Despite watching as Haas gain many of this season’s plaudits, and points, Monisha Kaltenborn is uncertain as to whether the Haas model would work for Sauber.
Although Haas are the new boys on the block, the American outfit is sixth in the championship having scored points in all but one grand prix.
That is a marked difference to Sauber’s fortunes as the Swiss team has yet to score a single point with their best results two P12s.
As such Kaltenborn was asked whether the Haas model, which involves a chassis from an outside source and several Ferrari parts aside from the engine, would be ‘viable’ for Sauber.
The team boss replied to Formula1.com: “I would not want to comment on any other team without knowing all the details. We on the outside see a bit – and whatever it is they are doing a good job. A very remarkable job.

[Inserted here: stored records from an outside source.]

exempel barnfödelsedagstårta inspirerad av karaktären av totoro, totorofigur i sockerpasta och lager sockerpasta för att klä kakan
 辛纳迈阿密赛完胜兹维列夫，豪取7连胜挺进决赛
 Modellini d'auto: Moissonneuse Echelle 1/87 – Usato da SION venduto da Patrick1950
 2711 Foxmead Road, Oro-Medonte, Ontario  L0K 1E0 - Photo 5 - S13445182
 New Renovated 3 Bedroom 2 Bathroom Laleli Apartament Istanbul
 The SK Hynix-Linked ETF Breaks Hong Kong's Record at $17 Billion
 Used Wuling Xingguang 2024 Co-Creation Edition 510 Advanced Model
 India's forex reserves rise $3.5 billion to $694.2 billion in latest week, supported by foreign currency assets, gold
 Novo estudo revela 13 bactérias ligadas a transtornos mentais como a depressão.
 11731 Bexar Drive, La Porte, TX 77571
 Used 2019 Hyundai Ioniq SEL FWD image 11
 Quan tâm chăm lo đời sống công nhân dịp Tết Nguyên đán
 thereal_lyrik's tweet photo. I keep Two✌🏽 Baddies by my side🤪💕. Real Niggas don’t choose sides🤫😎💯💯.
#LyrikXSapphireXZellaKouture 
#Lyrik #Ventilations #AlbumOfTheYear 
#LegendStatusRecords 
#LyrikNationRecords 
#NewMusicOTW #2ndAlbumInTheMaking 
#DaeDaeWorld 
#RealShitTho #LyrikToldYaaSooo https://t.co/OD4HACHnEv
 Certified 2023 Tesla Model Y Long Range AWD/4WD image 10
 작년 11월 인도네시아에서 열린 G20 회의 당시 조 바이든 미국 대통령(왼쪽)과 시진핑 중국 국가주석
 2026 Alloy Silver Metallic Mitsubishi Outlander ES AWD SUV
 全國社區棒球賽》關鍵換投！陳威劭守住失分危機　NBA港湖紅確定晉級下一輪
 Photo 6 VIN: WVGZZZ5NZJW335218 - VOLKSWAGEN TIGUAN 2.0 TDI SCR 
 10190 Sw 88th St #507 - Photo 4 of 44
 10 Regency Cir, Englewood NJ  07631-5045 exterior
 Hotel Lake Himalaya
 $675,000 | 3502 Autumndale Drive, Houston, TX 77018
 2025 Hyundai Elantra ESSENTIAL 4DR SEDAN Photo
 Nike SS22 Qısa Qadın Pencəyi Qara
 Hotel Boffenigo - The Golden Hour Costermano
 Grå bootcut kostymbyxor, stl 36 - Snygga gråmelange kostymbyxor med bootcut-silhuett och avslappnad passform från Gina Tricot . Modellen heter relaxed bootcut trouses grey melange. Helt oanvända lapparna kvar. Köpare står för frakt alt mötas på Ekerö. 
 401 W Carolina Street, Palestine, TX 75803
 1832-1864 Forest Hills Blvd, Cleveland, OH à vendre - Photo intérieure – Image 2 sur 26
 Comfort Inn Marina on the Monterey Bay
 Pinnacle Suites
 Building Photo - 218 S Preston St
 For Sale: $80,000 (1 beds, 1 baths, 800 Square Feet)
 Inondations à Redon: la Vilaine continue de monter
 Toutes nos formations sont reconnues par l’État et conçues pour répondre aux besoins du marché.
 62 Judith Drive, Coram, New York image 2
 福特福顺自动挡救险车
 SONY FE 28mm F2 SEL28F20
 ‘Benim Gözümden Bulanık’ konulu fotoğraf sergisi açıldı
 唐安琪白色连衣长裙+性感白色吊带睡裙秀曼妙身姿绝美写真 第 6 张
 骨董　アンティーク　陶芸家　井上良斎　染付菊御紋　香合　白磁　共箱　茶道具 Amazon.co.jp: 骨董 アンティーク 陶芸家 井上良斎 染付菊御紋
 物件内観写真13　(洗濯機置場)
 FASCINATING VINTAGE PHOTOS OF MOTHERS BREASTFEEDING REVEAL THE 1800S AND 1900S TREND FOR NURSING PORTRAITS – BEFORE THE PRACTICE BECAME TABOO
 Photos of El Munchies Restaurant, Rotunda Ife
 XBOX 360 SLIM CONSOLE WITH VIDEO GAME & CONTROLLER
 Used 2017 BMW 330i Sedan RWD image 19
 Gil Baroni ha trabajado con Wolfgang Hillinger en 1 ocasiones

“At the same time whatever one knows about it from the outside, there are certain ways which we don’t think are the right way. We do believe that it is essential for Formula One that a team turns up as a constructor.
“You could argue about what that exactly is – but I think that some things should be done on one’s own that makes Formula One.”
Pressed as to what makes ‘a constructor a constructor’, she said: “I don’t want to go down into all the details, but what you have to make sure of is that the engineering challenge that Formula One should be is there. That is what made the sport not too many years ago very exciting. Look at our own history!
“There must be things where you can show how much smarter you are than the rest – and the constructor definition gave you not only the obligation, but also a certain degree of liberty to grow your own ideas.
“Now most things are already determined – yes, like the power unit. So many things are given already, so the areas where you can have your own innovative approach and the engineering challenge are already less. So in the end there is no easy recipe and no straight line to draw.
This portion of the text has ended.